When the white men first arrive, Rukmani rushes out with the rest of the villagers to see what they will do.  She notes that initially, the overseer and the workers "seem to enjoy having created such a stir and lured such a big audience", but after awhile, the overseer tells the people to go, so as not to disturb the men.  Rukmani and some of the onlookers are somewhat taken aback that the newcomers should be so presumptuous as to tell them what to do in their own village, but she and most of the others comply, "having (their) own concerns in mind".  When at long last the tannery is finished, some people are unhappy to see the workers go, but Rukmani is not.  She says,



"They had invaded our village with clatter and din, had taken from us the maidan where our children played, and had made the bazaar prices too high for us".

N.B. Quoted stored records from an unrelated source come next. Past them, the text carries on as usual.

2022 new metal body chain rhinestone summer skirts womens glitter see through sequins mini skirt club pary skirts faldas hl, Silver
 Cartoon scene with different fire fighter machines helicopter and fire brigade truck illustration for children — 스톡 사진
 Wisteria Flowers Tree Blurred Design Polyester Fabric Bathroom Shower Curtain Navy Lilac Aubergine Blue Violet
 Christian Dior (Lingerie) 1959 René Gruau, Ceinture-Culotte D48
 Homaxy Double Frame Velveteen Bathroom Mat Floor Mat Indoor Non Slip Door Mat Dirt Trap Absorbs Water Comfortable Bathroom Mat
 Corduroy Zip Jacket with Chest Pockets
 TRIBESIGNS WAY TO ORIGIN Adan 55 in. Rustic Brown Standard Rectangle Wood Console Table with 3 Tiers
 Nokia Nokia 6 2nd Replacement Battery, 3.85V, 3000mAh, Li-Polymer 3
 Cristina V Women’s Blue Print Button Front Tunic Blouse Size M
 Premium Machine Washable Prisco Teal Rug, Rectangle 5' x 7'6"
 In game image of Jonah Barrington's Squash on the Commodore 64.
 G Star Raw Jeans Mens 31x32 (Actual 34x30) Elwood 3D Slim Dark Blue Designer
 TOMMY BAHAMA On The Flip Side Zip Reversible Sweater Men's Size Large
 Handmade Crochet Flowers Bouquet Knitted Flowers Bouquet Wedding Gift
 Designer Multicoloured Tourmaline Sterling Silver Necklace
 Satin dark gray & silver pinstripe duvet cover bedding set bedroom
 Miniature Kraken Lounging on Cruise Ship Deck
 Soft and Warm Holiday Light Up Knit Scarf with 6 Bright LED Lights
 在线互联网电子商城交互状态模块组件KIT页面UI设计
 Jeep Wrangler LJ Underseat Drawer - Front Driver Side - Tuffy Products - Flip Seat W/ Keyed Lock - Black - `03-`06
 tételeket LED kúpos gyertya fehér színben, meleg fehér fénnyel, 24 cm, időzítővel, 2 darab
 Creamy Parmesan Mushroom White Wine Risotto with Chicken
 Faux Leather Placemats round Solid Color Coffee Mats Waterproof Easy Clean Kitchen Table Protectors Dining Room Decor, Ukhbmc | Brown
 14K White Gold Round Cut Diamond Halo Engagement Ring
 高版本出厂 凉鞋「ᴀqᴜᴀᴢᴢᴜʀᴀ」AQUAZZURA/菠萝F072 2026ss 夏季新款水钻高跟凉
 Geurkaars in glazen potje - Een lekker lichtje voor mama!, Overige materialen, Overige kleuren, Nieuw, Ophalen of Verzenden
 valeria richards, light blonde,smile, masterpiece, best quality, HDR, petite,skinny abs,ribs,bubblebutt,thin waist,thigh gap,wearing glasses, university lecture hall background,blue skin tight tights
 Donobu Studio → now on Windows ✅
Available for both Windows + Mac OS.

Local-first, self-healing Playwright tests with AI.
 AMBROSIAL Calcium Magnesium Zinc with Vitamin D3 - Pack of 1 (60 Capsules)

Nathan tells Rukmani that she would do well to accept the changes which are inevitable, but she replies,



"Never, never...they may live in our midst but I can never accept them, for they lay their hands upon us and we are all turned from tilling to barter, and hoard our silver since we cannot spend it, and see our children go without the food that their children gorge".



As her friends one by one find positive aspects in the changes brought by the coming of the tannery, Rukmani sticks to her original belief that this development can be nothing but inauspicious.  She reflects that



"they were reconciled and threw the past away with both hands that they might be the readier to grasp the present, while I stood by in pain, envying such easy reconciliation and clutching in my own two hands the memory of the past, and accounting it a treasure".



She expresses her ire and misgivings to her husband, but eventually dissembles her opposition for the sake of her children.  She remains, however, definitely unhappy about what she sees as a negative intrusion into their established way of life (Chapter 4).